Postdoctoral Researcher and Visiting Faculty Miami University
The manufacturing sector faces escalating competition driven by a paradigm shift towards mass customization and personalization, demanding highly tailored products, on-time delivery, and cost efficiency while maintaining superior quality. Current manufacturing equipment, although reliable, operates at its technological limits and lacks the adaptability to handle unplanned disruptions. This trade-off has been described as the optimal degree of automation, a threshold beyond which further automation incurs more cost than benefit. As replacing legacy equipment is economically unfeasible, manufacturers must refine their processes to achieve data-driven autonomous operations. AI-driven vision systems offer a transformative and cost-effective pathway for faster and more reliable inspection and adaptive decision-making, reducing downtime, defects, and rework where conventional automation falls short. However, their deployment at scale is fundamentally constrained by data-related challenges. These systems’ performance is highly dependent on large-scale, high-quality datasets that are often cost-prohibitive and impractical to acquire in real-world environments. This "data bottleneck" is particularly acute in additive manufacturing (AM) for defect detection, where data is inherently scarce, imbalanced, and lacks a universal taxonomy. We present a scalable, data-centric framework designed to overcome these barriers and bridge the gap between isolated proof-of-concept projects and production-level deployment.

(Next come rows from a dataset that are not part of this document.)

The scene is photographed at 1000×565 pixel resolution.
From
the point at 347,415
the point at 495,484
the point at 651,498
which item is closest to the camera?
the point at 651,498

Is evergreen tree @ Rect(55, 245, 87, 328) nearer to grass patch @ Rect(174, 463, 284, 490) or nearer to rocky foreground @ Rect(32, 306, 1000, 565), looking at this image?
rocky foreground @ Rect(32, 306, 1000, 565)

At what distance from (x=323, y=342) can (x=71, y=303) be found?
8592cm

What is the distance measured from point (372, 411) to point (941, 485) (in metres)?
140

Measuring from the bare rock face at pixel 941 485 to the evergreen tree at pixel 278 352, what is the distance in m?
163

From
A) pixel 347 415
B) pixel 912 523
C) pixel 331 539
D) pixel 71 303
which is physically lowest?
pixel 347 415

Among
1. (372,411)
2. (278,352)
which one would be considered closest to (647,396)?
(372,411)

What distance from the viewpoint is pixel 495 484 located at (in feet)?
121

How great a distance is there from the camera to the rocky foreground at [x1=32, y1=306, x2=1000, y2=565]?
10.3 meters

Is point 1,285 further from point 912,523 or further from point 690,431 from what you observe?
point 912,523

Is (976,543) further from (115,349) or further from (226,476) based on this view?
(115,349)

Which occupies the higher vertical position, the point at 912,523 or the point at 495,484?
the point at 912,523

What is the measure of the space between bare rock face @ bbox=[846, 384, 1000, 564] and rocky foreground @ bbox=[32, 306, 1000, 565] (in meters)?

The proposed methodology integrates two complementary strategies: data-efficient learning and synthetic data generation. The former leverages intelligent sample selection techniques to reduce manual labeling efforts while maximizing model performance by identifying the most informative samples. The latter introduces a synthetic data generation pipeline to further augment data availability by constructing high-fidelity digital replicas of AM processes calibrated to simulate realistic operational conditions, lighting, and material characteristics. The result is a rapid, scalable, and robust methodology for developing and deploying vision systems in AM, providing a cost-effective framework for quality assurance and yield improvement through advanced defect detection in industrial settings.
Learning Objectives:
Identify limitations in existing vision inspection, 3D scanning, and metrology workflows. Evaluate the feasibility of applying emerging AI technologies to address operational challenges, improve reliability, automation, and operational efficiency.
Demonstrate how data-centric AI approaches reduce the cost and time associated with training by 70–90%, shorten development cycles from weeks to days, and improve model performance, scalability, and generalization.
Develop a business case and implementation plan for a pilot project leveraging data-efficient learning and synthetic data generation to enhance existing inspection and quality assurance processes.